:: Task objective ::
All lines from the one containing "286 Luxury Lane, Colorado Springs, CO 80921" down to the final line of the entries below: return them exactly.

┄┄┄┄┄┄┄┄┄┄┄┄┄┄┄┄┄┄┄┄

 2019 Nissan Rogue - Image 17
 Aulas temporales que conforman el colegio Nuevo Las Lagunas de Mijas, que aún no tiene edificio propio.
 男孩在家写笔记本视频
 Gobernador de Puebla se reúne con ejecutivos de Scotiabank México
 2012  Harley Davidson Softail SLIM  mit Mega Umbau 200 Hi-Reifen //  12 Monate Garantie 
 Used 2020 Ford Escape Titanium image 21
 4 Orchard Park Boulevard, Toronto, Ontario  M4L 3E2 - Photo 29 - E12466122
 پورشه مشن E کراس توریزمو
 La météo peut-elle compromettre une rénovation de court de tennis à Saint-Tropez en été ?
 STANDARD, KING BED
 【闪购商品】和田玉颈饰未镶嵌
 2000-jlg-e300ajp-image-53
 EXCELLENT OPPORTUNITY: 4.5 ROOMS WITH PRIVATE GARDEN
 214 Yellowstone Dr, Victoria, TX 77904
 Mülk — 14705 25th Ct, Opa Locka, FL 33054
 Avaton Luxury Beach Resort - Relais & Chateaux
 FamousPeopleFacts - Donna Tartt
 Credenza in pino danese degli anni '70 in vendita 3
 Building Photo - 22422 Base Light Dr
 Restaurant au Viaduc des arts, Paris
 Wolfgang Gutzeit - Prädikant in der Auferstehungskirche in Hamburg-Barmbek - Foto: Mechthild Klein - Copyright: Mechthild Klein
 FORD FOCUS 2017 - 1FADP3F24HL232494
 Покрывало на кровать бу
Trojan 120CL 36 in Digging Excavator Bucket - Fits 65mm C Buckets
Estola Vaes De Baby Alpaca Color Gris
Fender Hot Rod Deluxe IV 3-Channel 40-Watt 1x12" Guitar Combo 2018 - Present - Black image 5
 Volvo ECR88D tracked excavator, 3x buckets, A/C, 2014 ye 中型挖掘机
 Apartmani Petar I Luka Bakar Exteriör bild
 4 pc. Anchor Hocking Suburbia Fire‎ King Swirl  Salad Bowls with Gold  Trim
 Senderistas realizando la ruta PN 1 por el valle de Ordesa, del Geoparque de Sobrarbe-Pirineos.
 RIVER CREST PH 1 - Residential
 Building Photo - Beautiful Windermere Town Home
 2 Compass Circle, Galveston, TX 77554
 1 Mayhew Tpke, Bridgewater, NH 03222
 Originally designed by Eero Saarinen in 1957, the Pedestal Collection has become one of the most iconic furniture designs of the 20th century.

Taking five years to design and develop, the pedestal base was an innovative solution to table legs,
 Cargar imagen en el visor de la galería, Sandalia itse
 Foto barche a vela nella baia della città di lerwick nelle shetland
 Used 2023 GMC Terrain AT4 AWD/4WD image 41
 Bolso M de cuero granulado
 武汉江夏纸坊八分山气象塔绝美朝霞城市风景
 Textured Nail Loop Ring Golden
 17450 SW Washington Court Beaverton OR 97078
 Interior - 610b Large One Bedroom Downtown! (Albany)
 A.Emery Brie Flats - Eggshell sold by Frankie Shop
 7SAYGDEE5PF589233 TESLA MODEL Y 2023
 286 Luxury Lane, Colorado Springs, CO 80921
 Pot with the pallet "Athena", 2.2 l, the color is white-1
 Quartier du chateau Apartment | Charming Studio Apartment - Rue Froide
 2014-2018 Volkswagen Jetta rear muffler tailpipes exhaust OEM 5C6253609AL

┄┄┄┄┄┄┄┄┄┄┄┄┄┄┄┄┄┄┄┄

:: Solved exercise ::
 286 Luxury Lane, Colorado Springs, CO 80921
 Pot with the pallet "Athena", 2.2 l, the color is white-1
 Quartier du chateau Apartment | Charming Studio Apartment - Rue Froide
 2014-2018 Volkswagen Jetta rear muffler tailpipes exhaust OEM 5C6253609AL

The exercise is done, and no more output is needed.